Foi com base nesses resultados, que o instituto criou o movimento Não Seremos Interrompidas para aplicação da Lei da Violência Política. A eleição 2022 será a primeira com a lei em vigor, para prevenir, reprimir e combater a violência política contra a mulher, mas segundo o instituto divulgou há dois meses, nenhum partido está aplicando para proteção das pré-candidatas negras.

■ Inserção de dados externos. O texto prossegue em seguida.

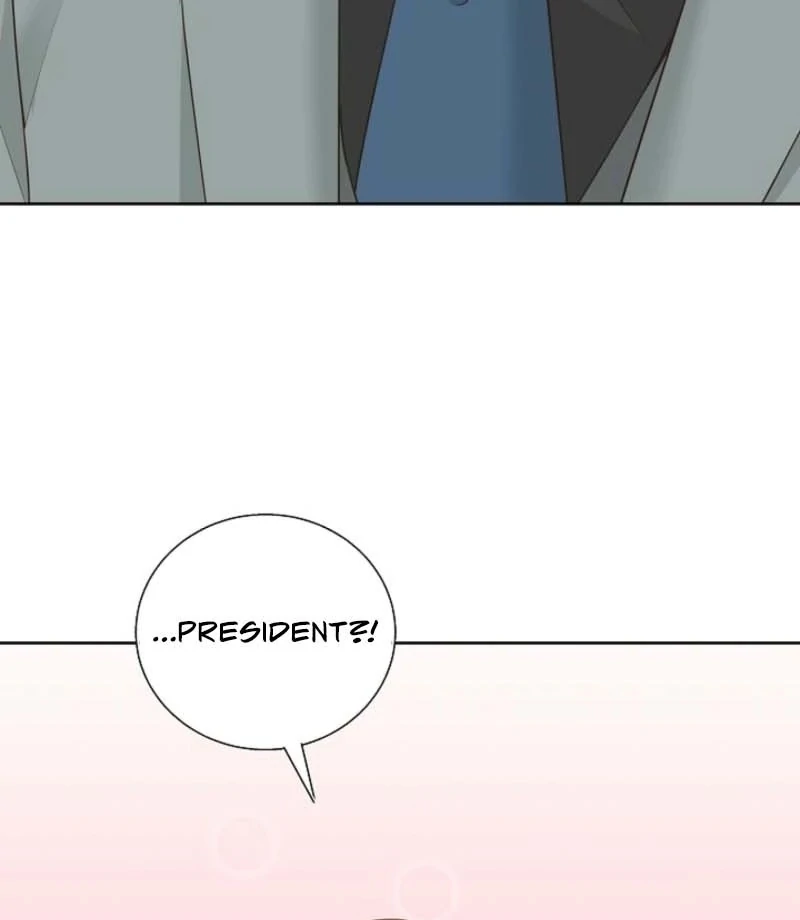 Read I Became a Fake Family With My Boss EN Manga Online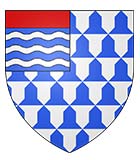 Pompes Funèbres sur Veyrac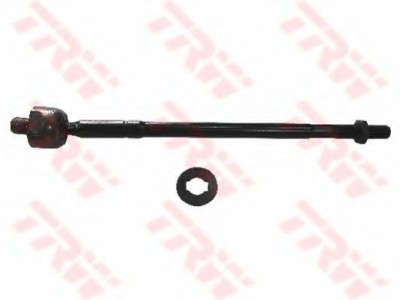 Bieleta directie HYUNDAI COUPE (GK) (2001 - 2009) TRW JAR7558 foto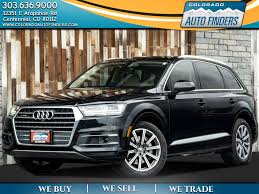 Image result for Orca Black 2018 Q7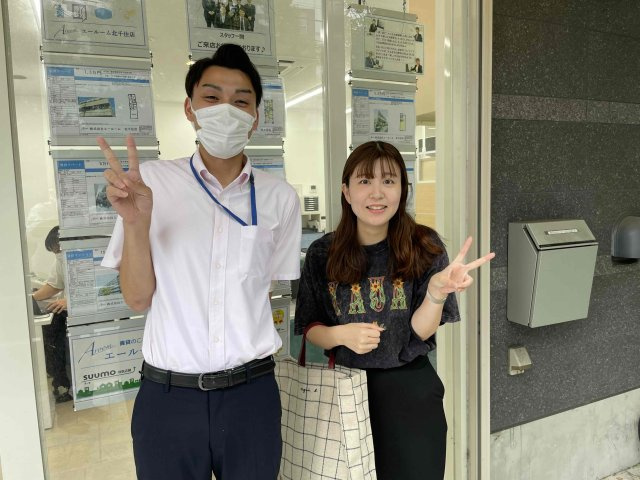 2024年10月13日の画像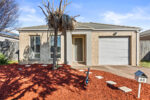48 Fairview Parade, Tarneit VIC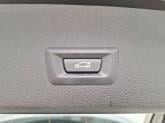 Photo car #6290745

“A violência política nunca acaba, mesmo que haja de forma silenciosa, a gente poderia falar inúmeros exemplos que já aconteceram só esse ano, então não tem sido um clima mais ameno, pelo contrário, as mulheres negras seguem com medo, se sentindo ameaçadas, sendo perseguidas. Infelizmente o racismo está em todos os lugares, inclusive dentro das Câmaras, no Brasil inteiro. A violência política é algo que a gente vai ter que combater. Vale lembrar que em 2018, a gente elegeu um presidente baseado quase que inteiramente em fake news. E a gente sabe que em 2022, provavelmente, não vai ser diferente em relação a isso”, diz Anielle.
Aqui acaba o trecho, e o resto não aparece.